I don't think any game is going to be exclusively FPU reliant, so the extra gain offered by the X5-160's ALU may equate to the Cyrix 5x86-120 in certain games. A good example is running Quake1 on the same system as the X5-160. The Cyrix 5x86-120 (3x40) got 16.8 fps, whereas the AMD X5-160 scored slightly higher at 17.3 fps. Note that these scores are were acquired on a system which added a 2/3 PCI multiplier, so the PCI bus was at 27 MHz. If you run your PCI bus at 40 MHz, expect these results to increase slightly. All Cyrix advanced features, including branch prediction, were enabled.

feipoa wrote:

Since you are going to use a 40 MHz FSB, did you confirm that this SiS board is not adding an automatic 2/3 FSB-to-PCI bus multiplier? If so, that would drop the PCI bus down to 27 MHz.

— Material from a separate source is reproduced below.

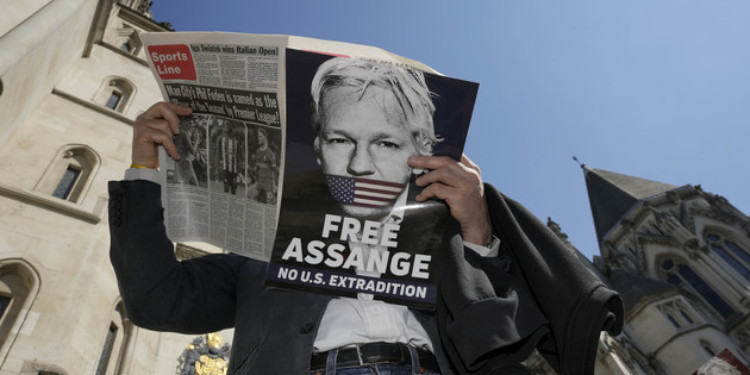 Julian Assange Artık Özgür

Have you confirmed this yet? Without getting too fancy, an easy way to check this is to run 3dbench on your X5 at 133 MHz (4x33) and at 160 MHz (4x40). If your 133 MHz score is higher than your 160 MHz score, then your motherboard is automatically manipulating the PCI frequency.

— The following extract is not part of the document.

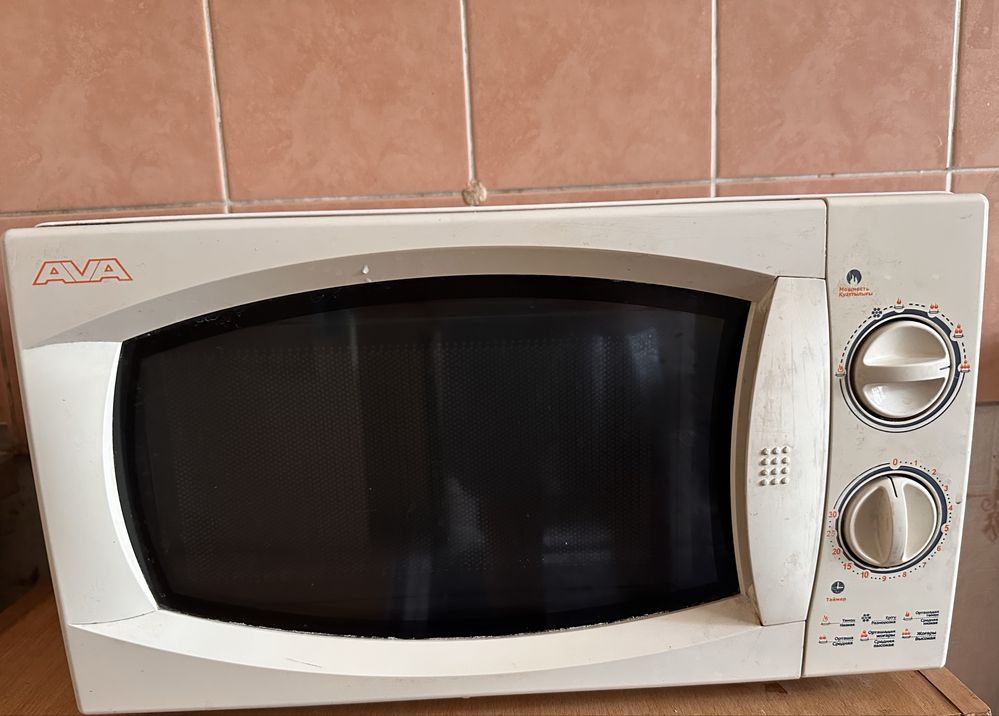 Продам микроволновку на запчасти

It's not really fair comparing the AMD and Cyrix 5x86 designs, though. The AMD chip was still very much based in the 486 generation while the Cyrix part was a scaled back version of their Pentium compatible chip modded to work in socket 3 motherboards.If the POD can't be considered for purposes of this discussion because it's not a 486, then neither should the Cyrix 5x86. A Cyrix DX4 chip should be considered instead.

Thinking about it now, the Cyrix 5x86 shouldn't even be included in the fastest 486 benchmarks, either, since it has more in common with a Pentium than a 486.

Reply 30 of 63, by feipoa

User metadata
Rank l33t++
Rank
l33t++
sliderider wrote:

It's not really fair comparing the AMD and Cyrix 5x86 designs, though. The AMD chip was still very much based in the 486 generation while the Cyrix part was a scaled back version of their Pentium compatible chip modded to work in socket 3 motherboards.If the POD can't be considered for purposes of this discussion because it's not a 486, then neither should the Cyrix 5x86. A Cyrix DX4 chip should be considered instead.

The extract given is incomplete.